Thanks to the RIAA, Going Platinum is the New Black

Thanks to the RIAA, Going Platinum is the New Black
Kirt Sandhu/TBL Illustrator

Teni Adedeji

Can you remember the last time you bought a song, or better yet, an entire album? Possibly not for a while. Apps like Soundcloud, Spotify and Pandora make it easier than ever to listen to an infinite amount of songs without the specific commitment of buying them. However, while the plethora of streaming services creates an ease for music lovers everywhere, for the past couple years it has been increasingly more difficult for artists to get their records to go Platinum.

Before, a certified Platinum album was simply defined as one that had sold a million physical units. This is a grand achievement, and a shiny accolade for artists of all genres — rewarded to them by The Recording Industry Association of America. In a recent attempt to “adapt” to the way that people are listening to music, the RIAA has changed the standards to include not only the album sales but the amount of streams it gets. As of right now, 1,500 song or video streams is equivalent to 10 track sales, which is also equivalent to one album sale.

While it’s true that a lot of music nowadays is heard through streaming services, it’s not impossible to get a million units sold. In 2015, Drake was rewarded the first of the year Platinum album for If You’re Reading This It’s Too Late. It took him six months, but he still got it done. The years before that displayed the same scarce numbers with only a few artists such as Kanye West, Taylor Swift and Jason Aldean. While the numbers are small, it shows that album sales alone are not obsolete.

In fact, it makes it even more of an accomplishment to be able to sell that many units in an era where streaming is popular. A Platinum album has always been the sign that people are eating up an artist’s new work and more importantly, willing to pay for it.
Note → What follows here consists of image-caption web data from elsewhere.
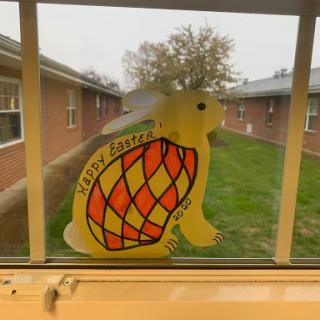 A cheerful turtle decoration on a window, adding color to the indoor space.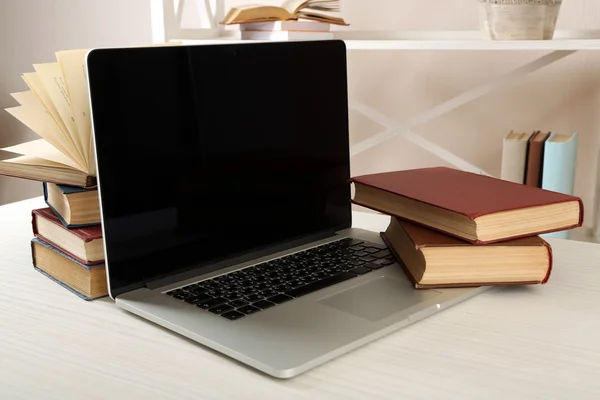 Stack of books with laptop on table close up — Stock Photo, Image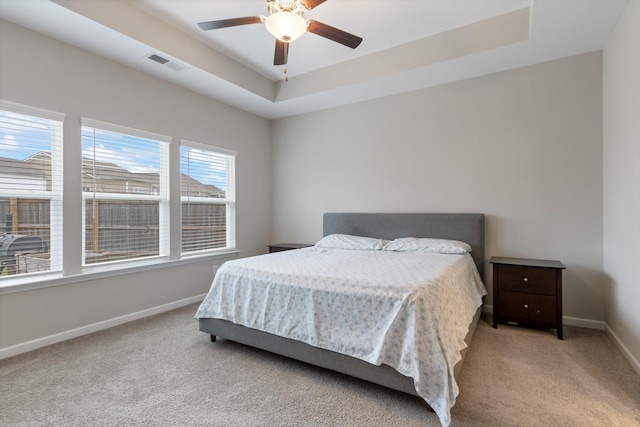 bedroom featuring ceiling fan, a tray ceiling, and light carpet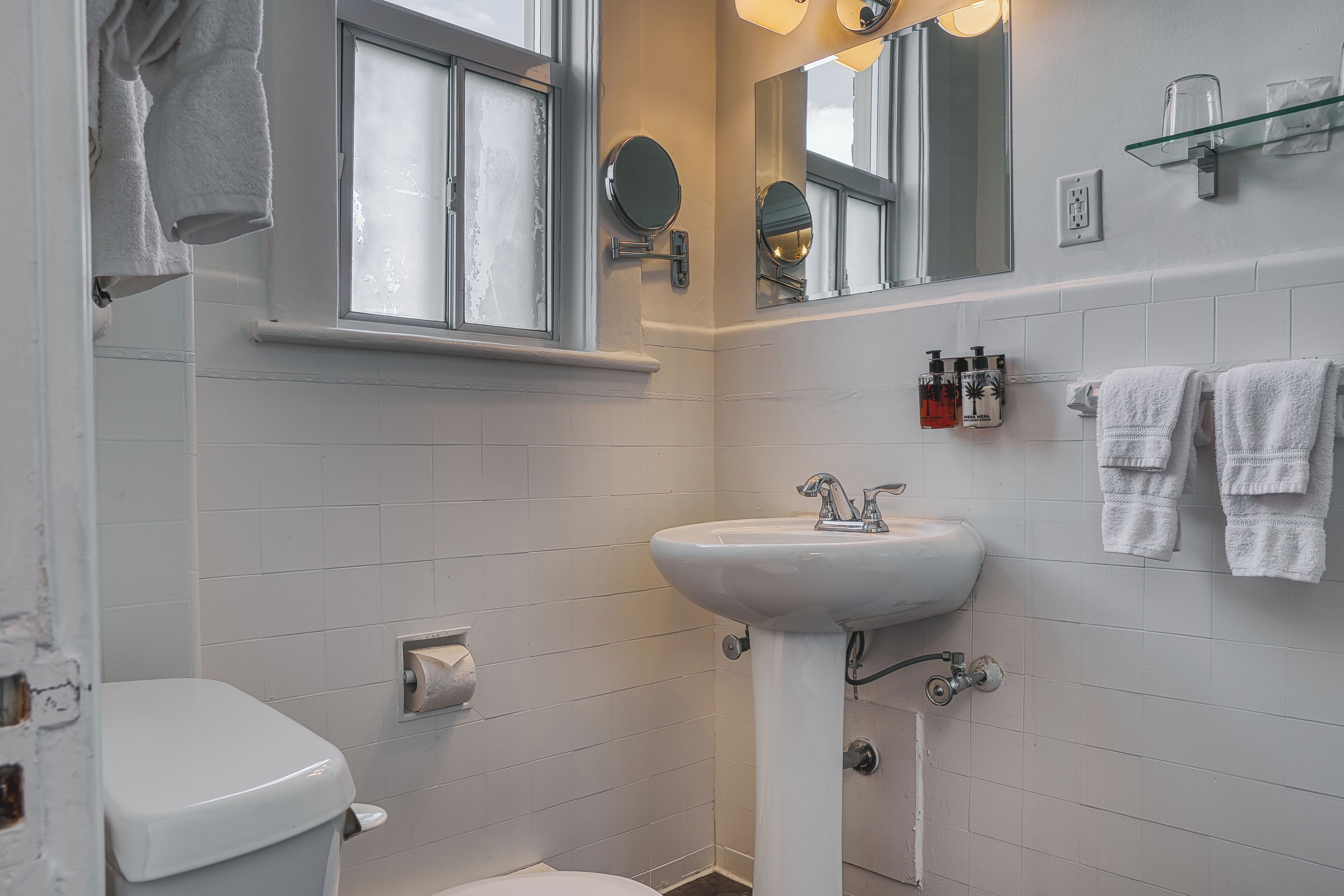 A bathroom with a toilet, sink, and two mirrors. There are towels hanging on the wall and a window with a towel hanging on the outside.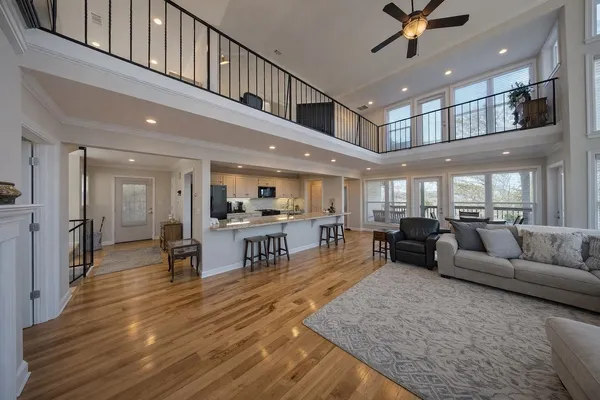 a view of balcony with furniture and wooden fence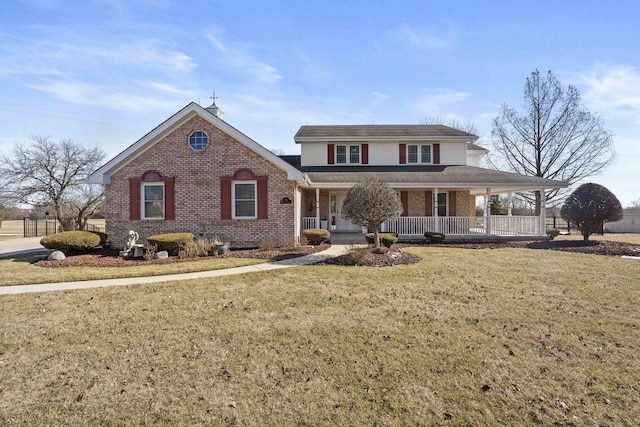 view of front of property with brick siding, a front lawn, and a porch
It doesn’t take an economics major to know that a willingness to pay says a lot about a product. With streaming, people don’t have to be genuinely interested in the album or the song to play it. People can play it just for fun, or even for laughs. The commitment that came with buying music is something that made the old way of counting Platinum albums such an incredible feat made by artists.

After the new regulations set by the RIAA, one of the people who benefited the most was Rihanna, who found her newly released album Anti achieving Platinum within the first 48 hours. It took Drake six months to accomplish his own. Does this mean that Rihanna produces better music and better fans? Possibly, but there’s no way to tell. In actuality, her album sales are only around 400,000. In the old terms, this wouldn’t even classify as certified gold — which would have needed 500,000 sales. Did her album get streams because those people thought it was a beautiful piece, or was it only because of the buzz on Twitter that had curious people quickly looking it up? Again, it’s hard to know. It is unlikely that any random person with a microphone and a computer could win one, but ambitious YouTubers with a lot of subscribers could use their following to work up enough streams without having to sell a single copy.

While the RIAA was attempting to do something good and adapt to the modern world, they’ve blurred the lines and lowered the prestige that comes with obtaining a Platinum award.